— Поговорили, — отмахнулась я, радуясь только тому, что за общим шумом вряд ли будет слышно, как я шмыгаю носом. С помощью ледяной воды удалось как-то успокоиться и смыть с лица слёзы, но я чувствовала, что сейчас мне будет достаточно и одного неосторожного слова, чтобы снова разреветься.
Забыть бы Максима раз и навсегда. Уехать на другой континент, чтобы никогда больше случайно с ним не пересечься и не вспоминать обо всех тех эмоциях, что он привнёс в мою жизнь. Это было особенно жестоко: сначала подарить столько радости и счастья, а потом вот так бесцеремонно выдрать их из моих рук и оставить меня ни с чем.
Хотя нет, всё же с чем-то. С тягостно давящим на грудь разочарованием, истёртыми почти что в пыль осколками моих надежд и чувством собственной ничтожности, от которого хотелось выть в голос.
— Так что, всё… плохо? — нерешительно уточнила Наташа, пристально вглядываясь в моё бледное, до сих пор покрытое красными пятнами лицо, и пытаясь поймать мой бегающий по залу взгляд.
— Всё просто никак, — слова давались с трудом, больно царапали горло и каждой саднящей маленькой ранкой на губах напоминали о том, как мы неистово целовались, не в состоянии оторваться друг от друга.
В последний раз. Теперь уже точно без всяких обнадёживающих «как», помогавших мне так долго отмахиваться от очевидного. Мы ведь и правда не пара: он вовсе не тот идеальный и понимающий парень, которого придумало моё воображение, а я — не девушка мечты, способная согреть его своим теплом. Мы были глупыми и самонадеянными, почему-то решив, что сможем дать друг другу что-то большее, чем несколько новых ран, оставшихся от соприкосновения острых осколков наших душ.

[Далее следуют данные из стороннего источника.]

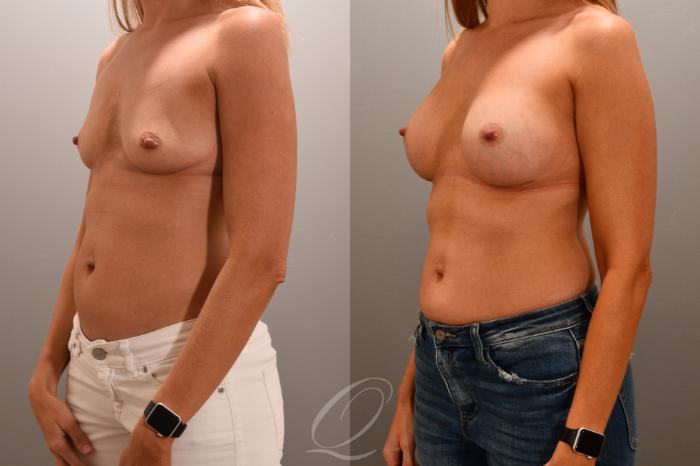 Breast Augmentation Case 1001706 Before & After Left Oblique | Serving Rochester, Syracuse & Buffalo, NY | Quatela Center for Plastic Surgery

— Где Рита? Я хочу уйти домой.
— Сегодня гимназия осталась без дежурных, — усмехнулась Колесова и взглядом указала в центр зала. Там, среди топчущихся в медленном танце учеников, как обычно выделялись ярко-рыжие волосы высокого Чанухина, прижимавшего к себе Марго так тесно, что её с трудом можно было разглядеть за широкими плечами и обвивающими тело мужскими руками.
Они и танцевать-то не особенно пытались, лишь изредка отступая на шаг в сторону от других пар. Слава зарывался носом в её пышные светлые волосы и что-то увлечённо шептал, неторопливо накручивал на свой палец одну волнистую прядь, делая это будто неосознанно, по старой привычке, под влиянием эмоций перестав контролировать собственное тело. А Рита спрятала лицо у него на груди и только в исступлении цеплялась за ткань белоснежной рубашки на его плечах, выдавая тем самым своё волнение.